Die Angreifer schwangen sich an Seilen auf ihr Schiff. Im Licht der Zwillingsmonde konnte Artax sie nicht ganz deutlich erkennen, doch die Trachten, die sie trugen, waren so verschieden, als stammten sie aus allen Weltengegenden.

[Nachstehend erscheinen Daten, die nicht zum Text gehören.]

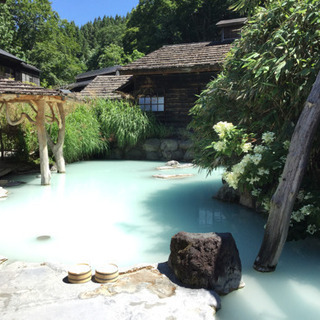 日帰り旅行　温泉仲間募集 - 宇都宮市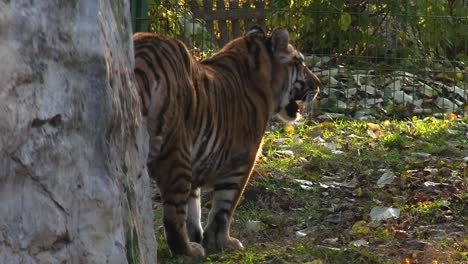 The-Siberian-tiger-is-resting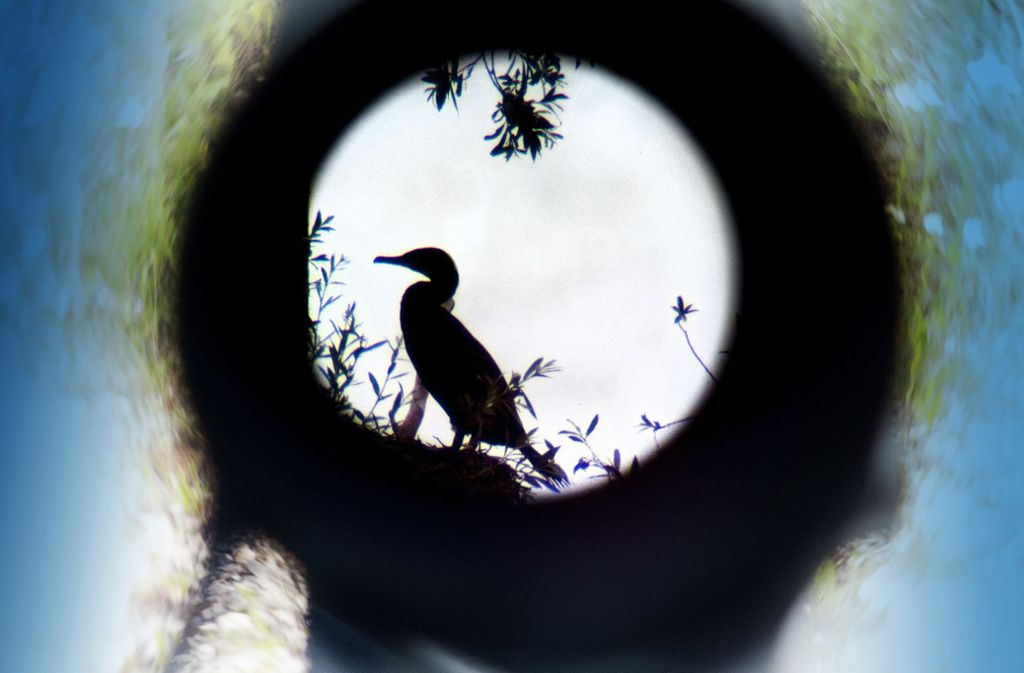 Etwa 40 Kormorane brüten an den Wernauer Baggerseen. Der fotografische Blick durch das Fernrohr zeigt einen Vogel, der sein Nest bewacht.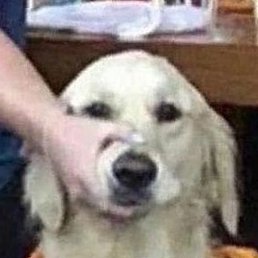 ��������, �����, 37 ���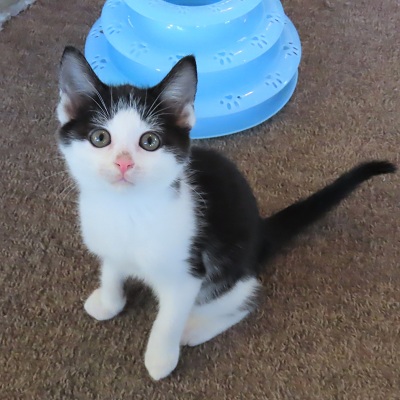 ヤーチカメラ目線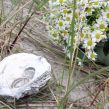 <p>Hochzeitsfoto, Surendorf, Strandhochzeit, Heiraten am Strand, Kiel</p>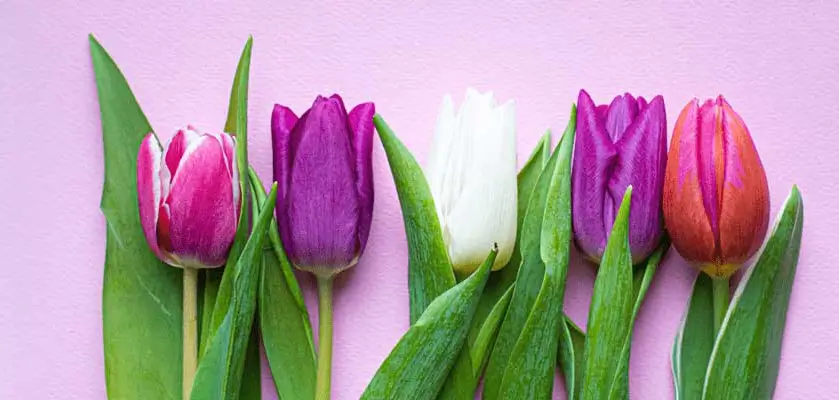 cosmeagardens_hero-banner-1-1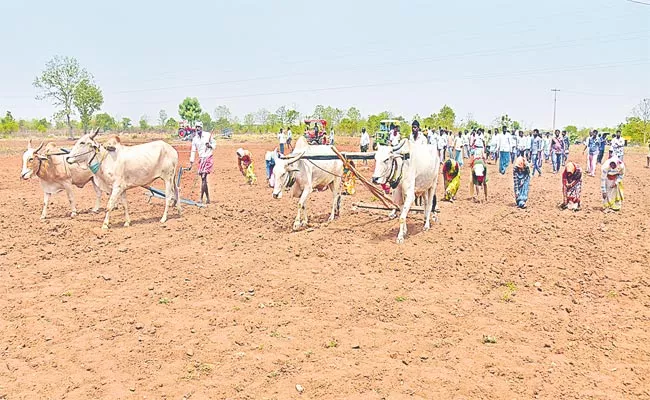 Entire Village In Support Of Farmers Family In Adilabad - Sakshi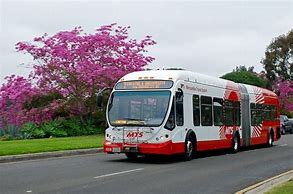 Image result for MTS Bus
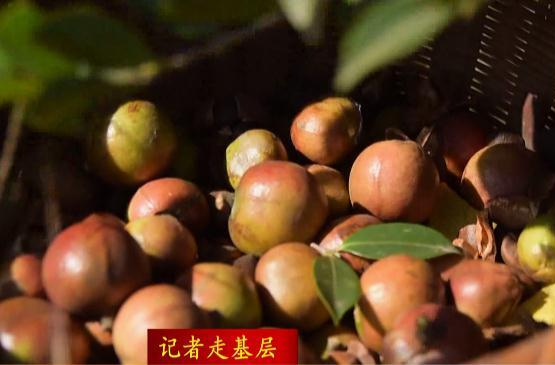 【记者走基层】鼎城：加强油茶培管 提升油茶附加值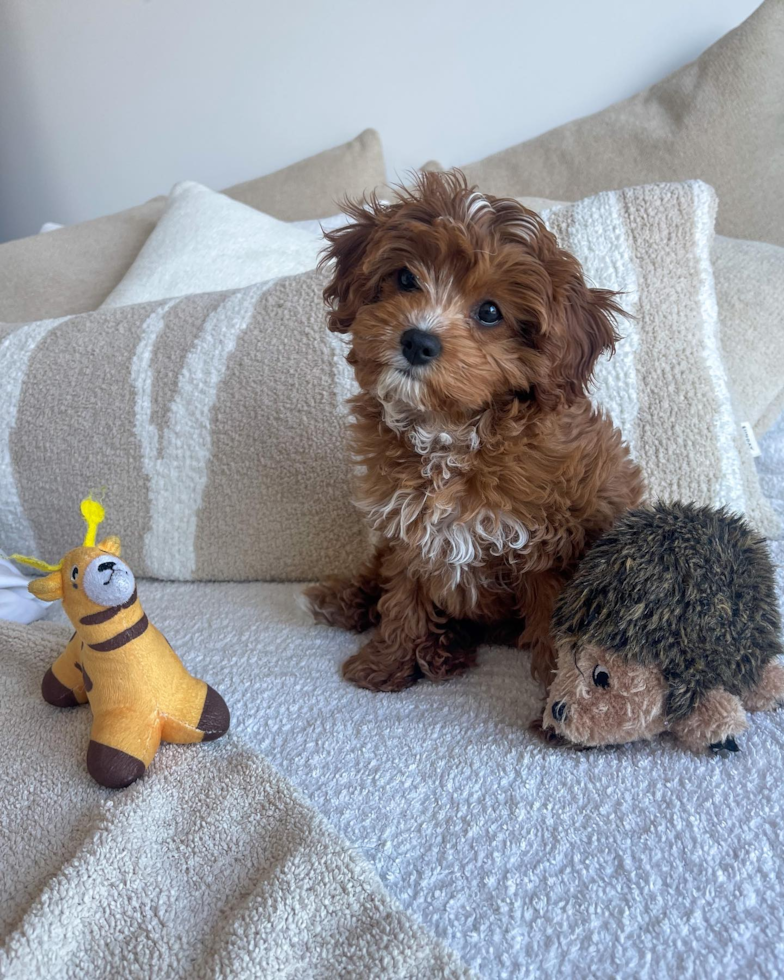 Friendly Cavapoo Pup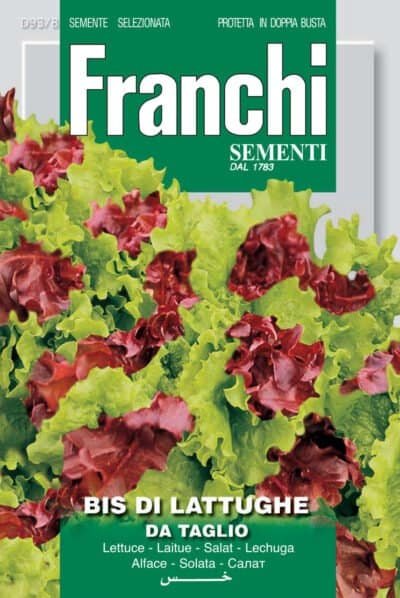 Lettuce varieties in an Irish raised bed, highly vulnerable to slug damage without copper tape and nematodes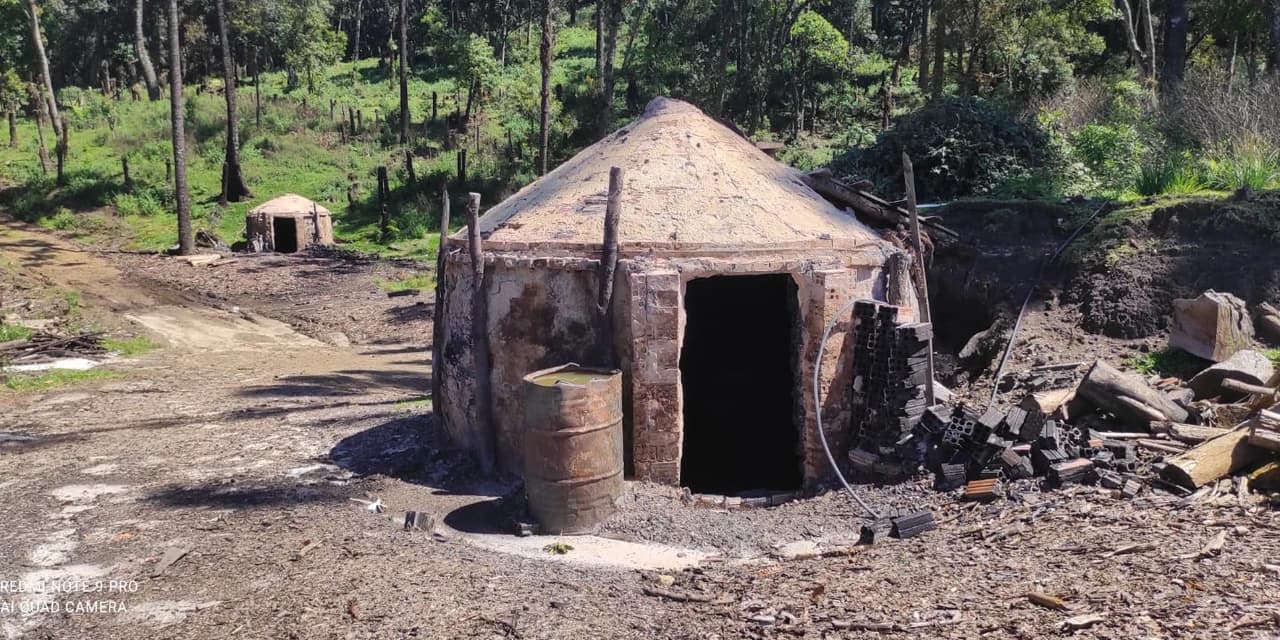 Em Inácio Martins polícia ambiental identifica desmatamento e fornos de carvão irregulares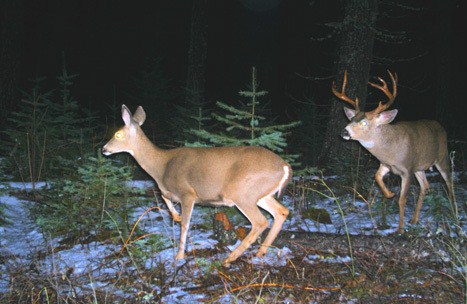 The blacktail rut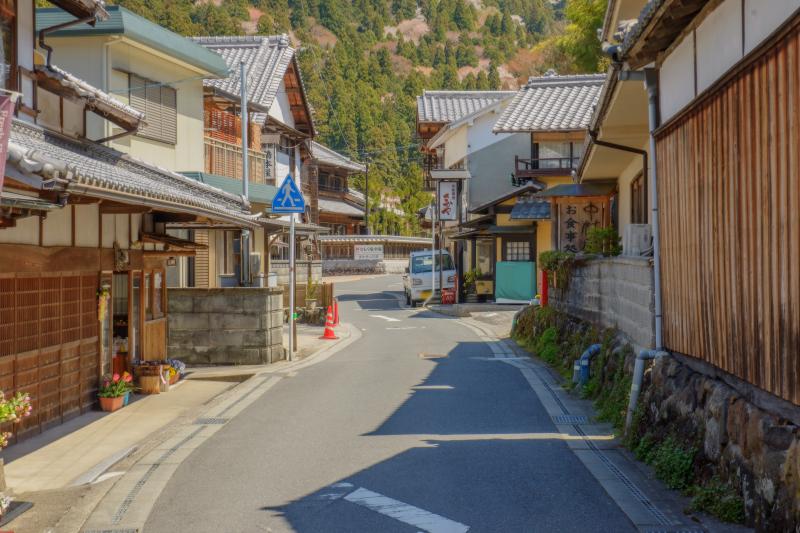 [ 室生寺の桜 ]  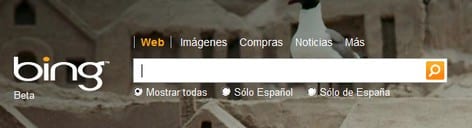bing buscador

Verwundert, auf keinerlei Widerstand zu stoßen, verharrten sie an Deck und sahen sich um. Ein hagerer Krieger deutete mit seiner Axt auf das Kajütenhaus. »Kommt heraus!«, rief er in der Sprache Luwiens. »Wer mit uns geht, wird eine Freiheit kennenlernen, von der er bislang noch nicht einmal zu träumen gewagt hat.« Der Mann hatte ein schmales, gut aussehendes Gesicht und dunkle Augen. Ein rotes Stirnband bändigte sein ergrauendes Haupthaar. Er trug keinen Bart, was Artax ein wenig befremdlich fand. Ebenso wie der Auftritt des Himmelspiraten. Dieses Angebot von Freiheit … Das war nicht, was er erwartet hatte. Darüber wollte er mehr wissen. Er hatte einen Verdacht, wer dort stand und die Angreifer anführte.